Plabennec, Finistère. « Plab » comme on dit ici, en Breizh izel (Basse-Bretagne). Cette commune rurale rayonne aujourd’hui bien au-delà du Pays des Abers grâce à sa brasserie solidaire, pionnière dans le grand-ouest. La brasserie des Genêts d’Or est un projet engagé et responsable, vecteur de lien social sur le territoire et qui brise les stéréotypes sur le handicap.

D’une plaisanterie à une brasserie

« Faire de la bière, c’est parti d’une plaisanterie et d’un pari. On l’a finalement tenu ! » Marie, Anthony, Erwan, Mathis et Sébastien, leur moniteur, n’en reviennent pas eux-mêmes. Ils sont devenus brasseurs, et en Bretagne, on s’arrache leur bière. En l’espace de quelques mois, ils ont créé de toutes pièces leur atelier de fabrication, dans l’enceinte de l’Esat des Genêt d’Or, et appris les rudiments du métier. « Nous avons aménagé un local de A à Z (montage des cloisons, peintures, carrelage, installation des équipements) entre 2022 et 2024, puis un maître brasseur de l’est de la France est venu nous former pour réaliser un brassin à nos côtés », explique Erwan.

« Au début, on a connu pas mal de galères, poursuit Marie. On a commis des erreurs et subi quelques petits accidents. Il nous a fallu du temps pour assimiler le process, le langage brassicole, imaginer nos premières bières et les affiner. » Persévérance et force d’âme ont fini par payer. Pas du genre à voir le verre à moitié vide, la petite troupe est aujourd’hui en ordre de marche. « Depuis six mois, nous sommes sur notre lancée, indique Sébastien Peyrot, en charge du projet. Nous connaissons nos outils et les procédés. En 2024, nous avons produit environ 5 000 litres et tout a été vendu. » Pour répondre à la demande durant cette année, la microbrasserie espère pouvoir fournir 1 000 à 2 000 litres supplémentaires.

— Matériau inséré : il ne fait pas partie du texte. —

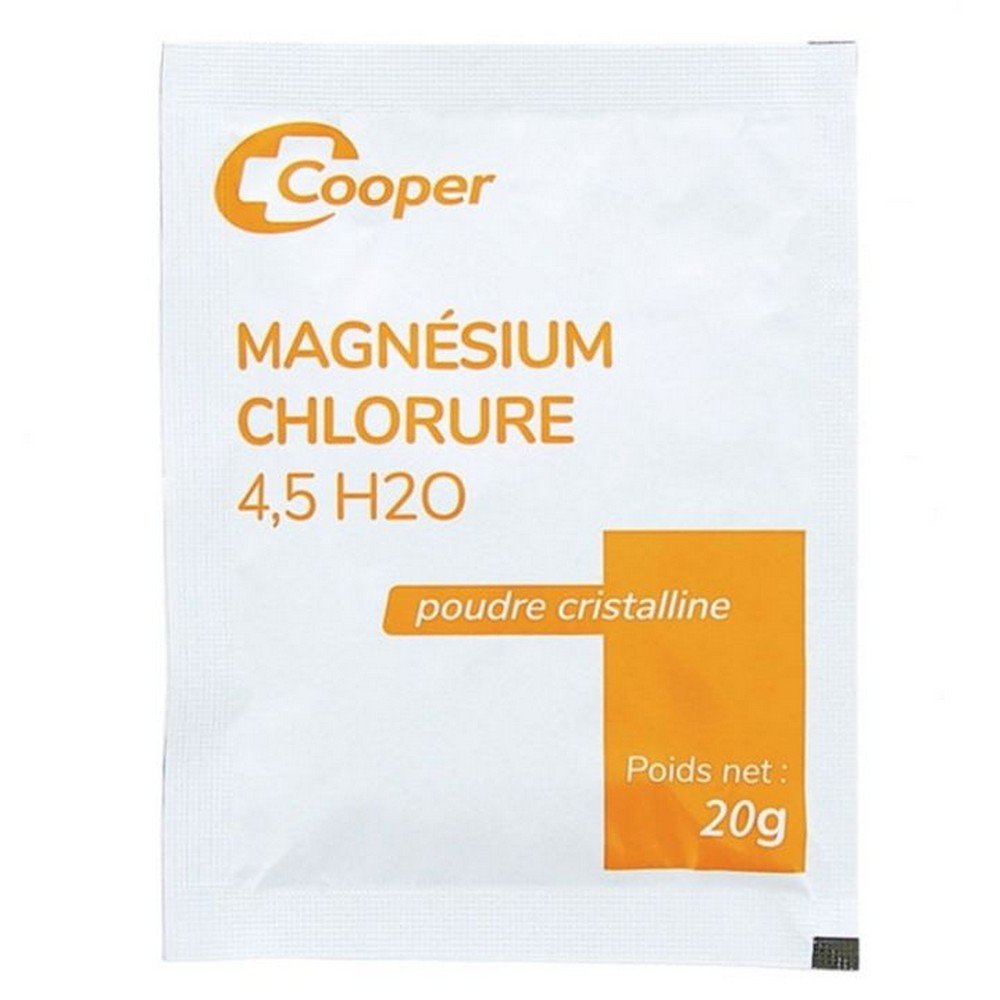 Magnesium Chloride COOPER 20gr Magnesium Chloride COOPER 20gr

Faire bouger les lignes sur le handicap

Sous les yeux de Yürgen et Nolwenn, les mascottes en peluche de la brasserie des Genêts d’Or, ou BGO, chacun sait désormais ce qu’il a à faire. « Je veille au respect des normes d’hygiène, c’est important de ne rien oublier et d’entretenir le matériel », souligne Anthony, 45 ans, qui apprécie « le calme » de son environnement de travail. Mathis, 20 ans, fait, lui, ses premiers pas dans le monde professionnel. « C’est chouette d’être ici, on en apprend un peu plus chaque semaine. J’aime participer aux étapes de préparation comme l’ébullition, le contrôle de la densité, ou encore le houblonnage. » La bonne humeur est communicative et les rires fusent, même si tout le monde travaille avec efficacité.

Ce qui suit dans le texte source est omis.